Emit the data below verbatim, stripping out any pictures.

> **SUPPLIED INFORMATION**:
+++

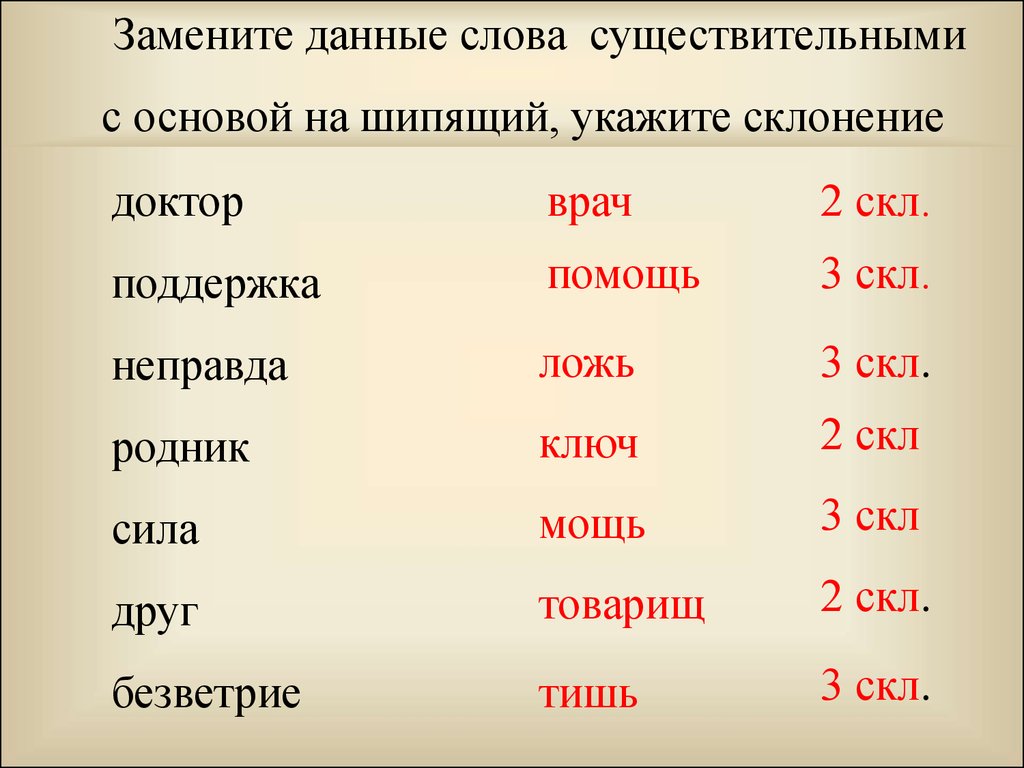 Мягкий склонение. Сущ второго склонения с шипящими на конце. Существительные 2 склонения с шипящими на конце. Существительные с шипящей на конце слова. Существительные 2 склонения с шипящей на конце.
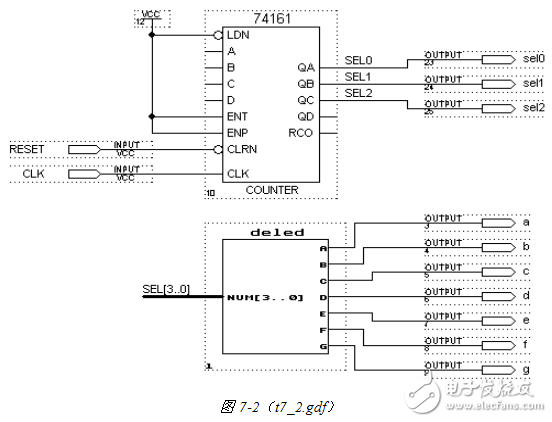 基于CPLD的字形編碼電路和掃描驅動電路的設計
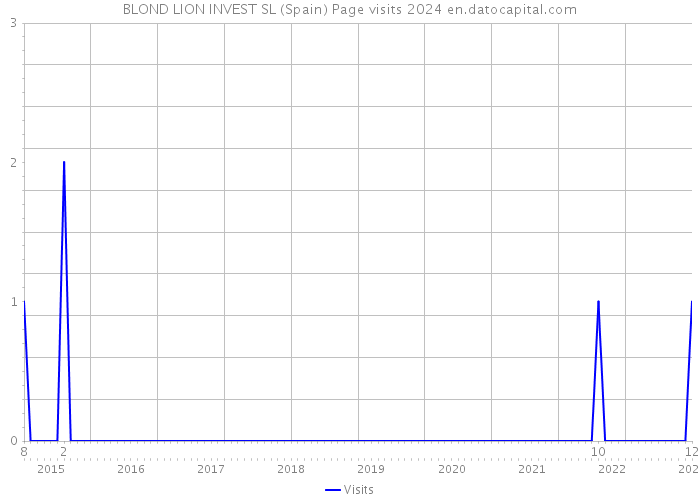 BLOND LION INVEST SL (Spain) Page visits 2024 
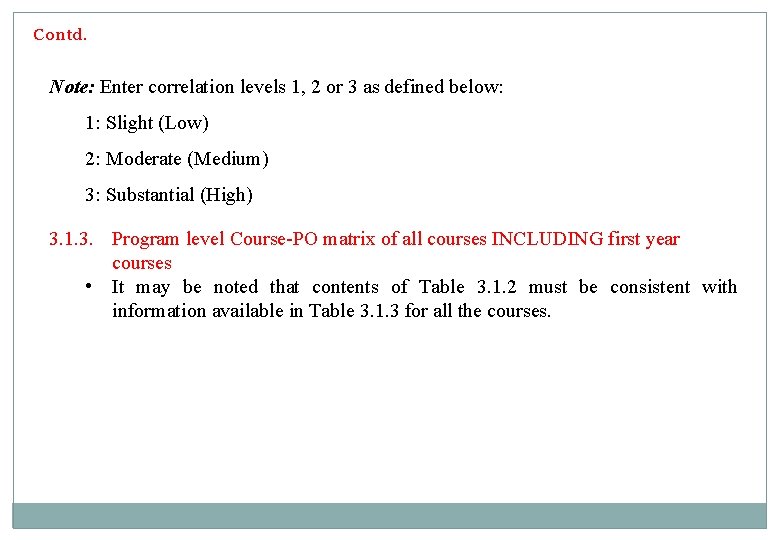 Contd. Note: Enter correlation levels 1, 2 or 3 as defined below: 1: Slight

+++

> **SOLUTION TO THIS TASK**:
 Мягкий склонение. Сущ второго склонения с шипящими на конце. Существительные 2 склонения с шипящими на конце. Существительные с шипящей на конце слова. Существительные 2 склонения с шипящей на конце.
 基于CPLD的字形編碼電路和掃描驅動電路的設計
 BLOND LION INVEST SL (Spain) Page visits 2024 
 Contd. Note: Enter correlation levels 1, 2 or 3 as defined below: 1: Slight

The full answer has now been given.